GARMA Key Forum to probe Intervention’s economic impact 

 
 
Bunggul dancers at Garma 2008. Image courtesy of Yothu Yindi Foundation / Garma Festival. Photographer Wayne Quilliam.  

Ensuring the sustainability of the lucrative Indigenous visual arts sector will come under the spotlight during the GARMA 2009 Key Forum.

During the past 10 years, the sector has achieved extraordinary success in terms of its importance to Indigenous Australia and the multi-million-dollar industry it has become.

Adjunct Professorial Fellow at Charles Darwin University’s School for Environmental Research and Director of the Centre for Aboriginal Economic Policy Research at the Australian National University, Professor Jon Altman will address the topic during the Key Forum.

Set to speak on the topic, Managing creative industries in a changing environment, Professor Altman will also explore how the NT intervention has impacted on Indigenous creativity in the Territory.

“As with many sectors of the Australian economy, in the decade to 2008, the Aboriginal visual art sector in the NT experienced robust growth,” he said.

Professor Altman said his presentation would assess the impact of three major events on the sector: the outcomes of a Senate inquiry released in June 2007, the NT Emergency Intervention of the same month, and the global financial crisis in late 2008.

“Through discussions with a selection of art centres, commercial galleries and arts regional organisations, the research seeks to assess both the impacts of these key events and the vulnerability of the sector both to global economic conditions and to institutional changes like the abolition of CDEP and changed outstation policy currently underway,” he said.

“While it is recognised that no commercial sector can be fully insulated from state and market changes, this presentation seeks to make some recommendations to ensure the sustainability of this sector that is so important to Indigenous participants for economic, cultural and social reasons but also more broadly to the NT and Australia.”

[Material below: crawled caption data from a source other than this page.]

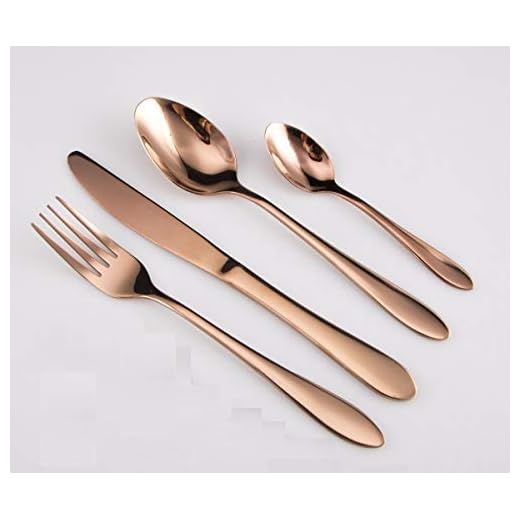 STAR WORK Stainless Steel Flatware Set, Tableware Cutlery Set, Utensils for Kitchens, Dishwasher Safe(Fork+Knife+Salad Spoon+Tea Spoon) (Pack of 4)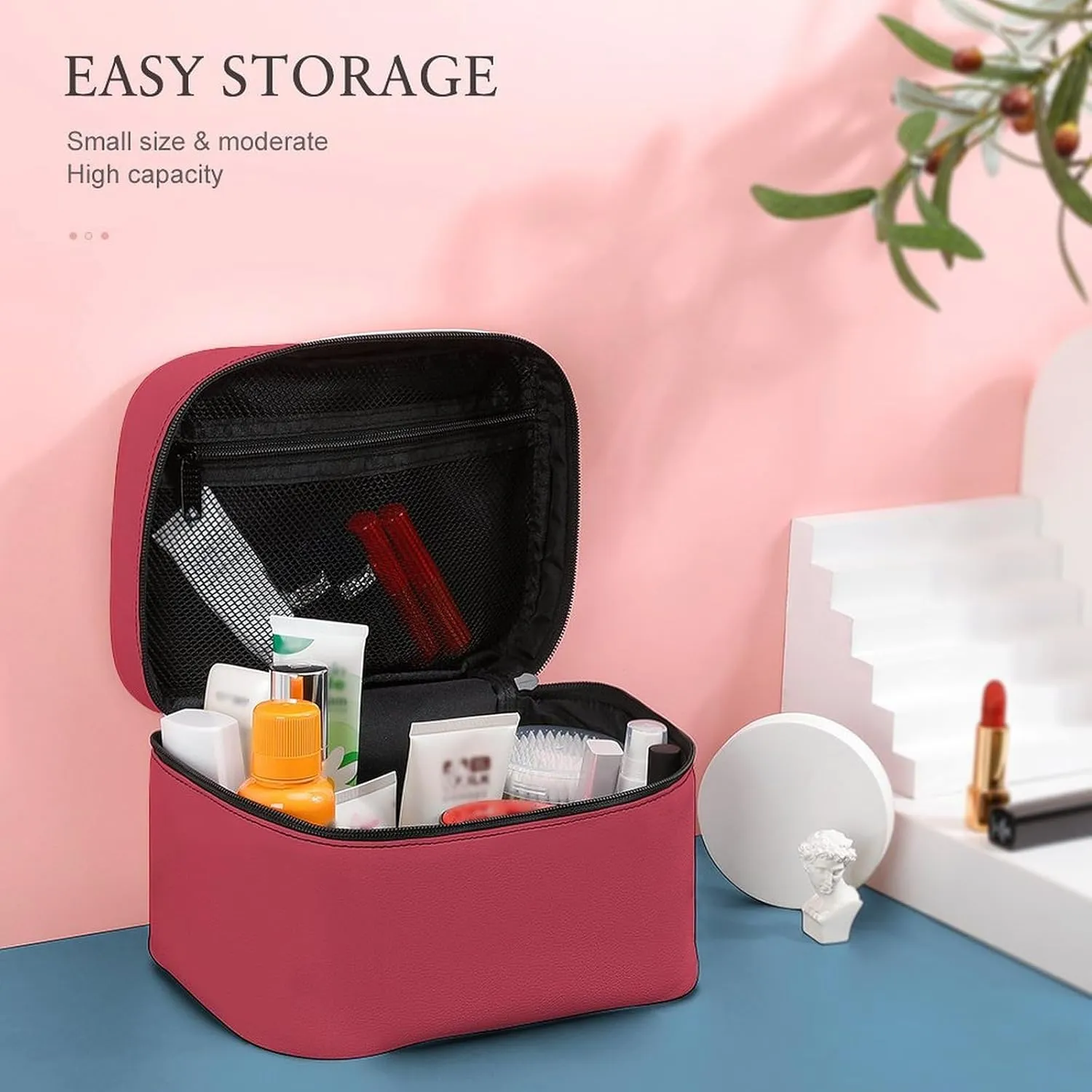Travel Makeup Bag, Brick Red (Solid Color) Cosmetic Bags for Women Large Capacity Waterproof Toiletry Bag Make up Organizer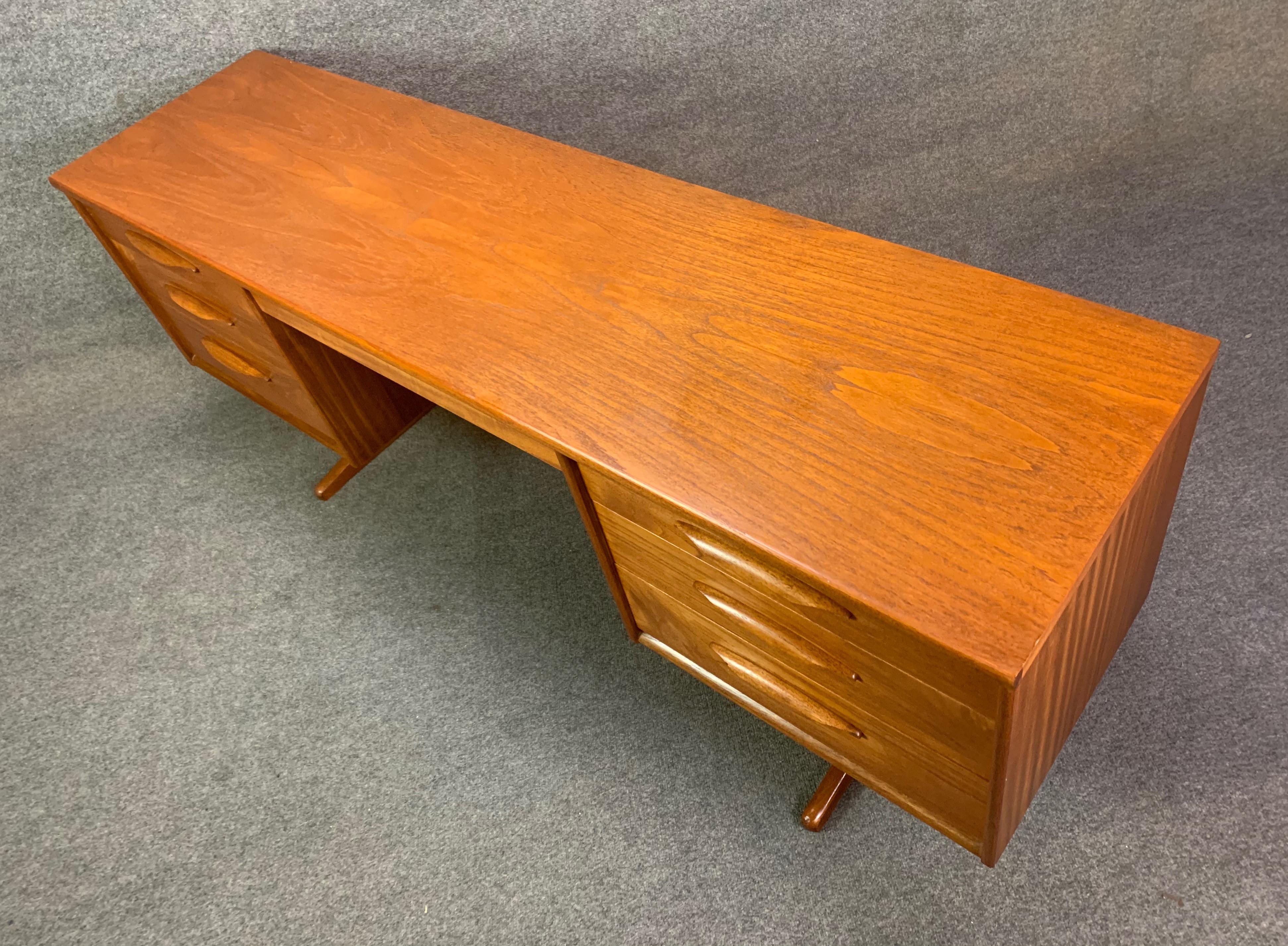 Woodwork Vintage British Midcentury Teak Desk Worktable by Frank Guille for Austinsuite For Sale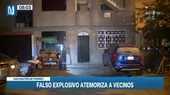 San Martín de Porres: Delincuentes dejan falso explosivo en puerta de vivienda - Noticias de san-juan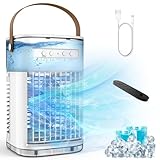 Tragbare Klimaanlage, 3-1 Mini-Verdunstungsluftkühler mit Fernbedienung, 1,2 l Wassertank und 2 Eisboxen, 7 Stunden Timer, USB-Ladung, 3 Geschwindigkeiten und 7 Lichter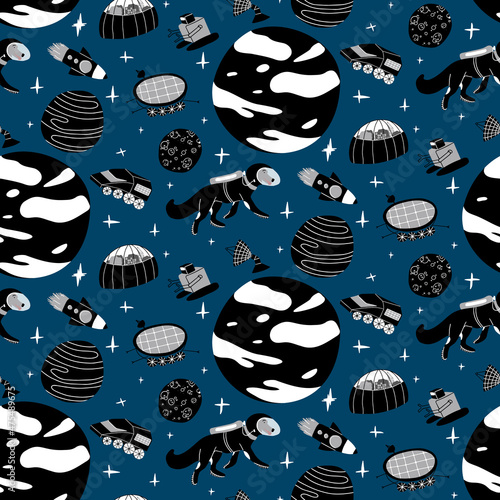 Vector hand drawn cartoon pattern of planet colonization in black and white colors on blue background. Dog astronaut, spaceship and futuristic vehicles for exploring space and uncharted planets.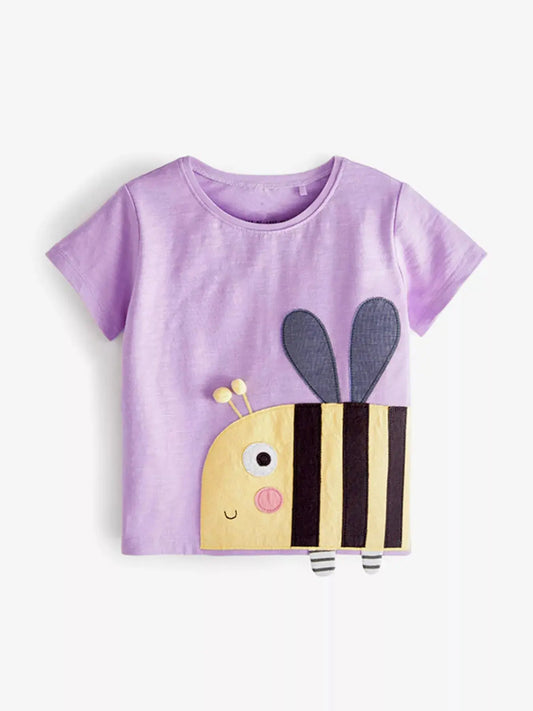 Children's Bee Applique Short Sleeve T-Shirt Simply Love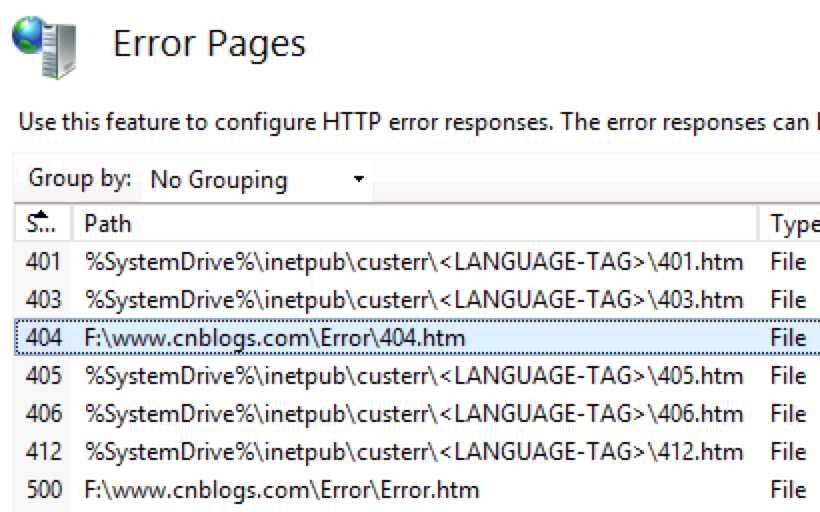 IIS Error Pages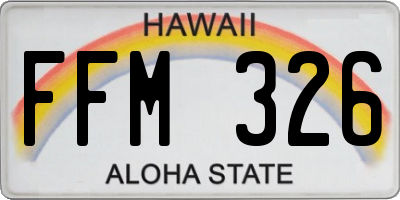 HI license plate FFM326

The theme of the GARMA 2009 Key Forum is Indigenous Creative Industries: Opportunities, Culture and Knowledge.

Indigenous Creative Industries: Opportunities, Culture and Knowledge will include important and practical discussions about issues surrounding cultural outputs and commercial opportunities afforded Indigenous Australians.

The three-day Key Forum, coordinated by CDU, will run from Saturday August 8 at the GARMA Festival in East Arnhem Land.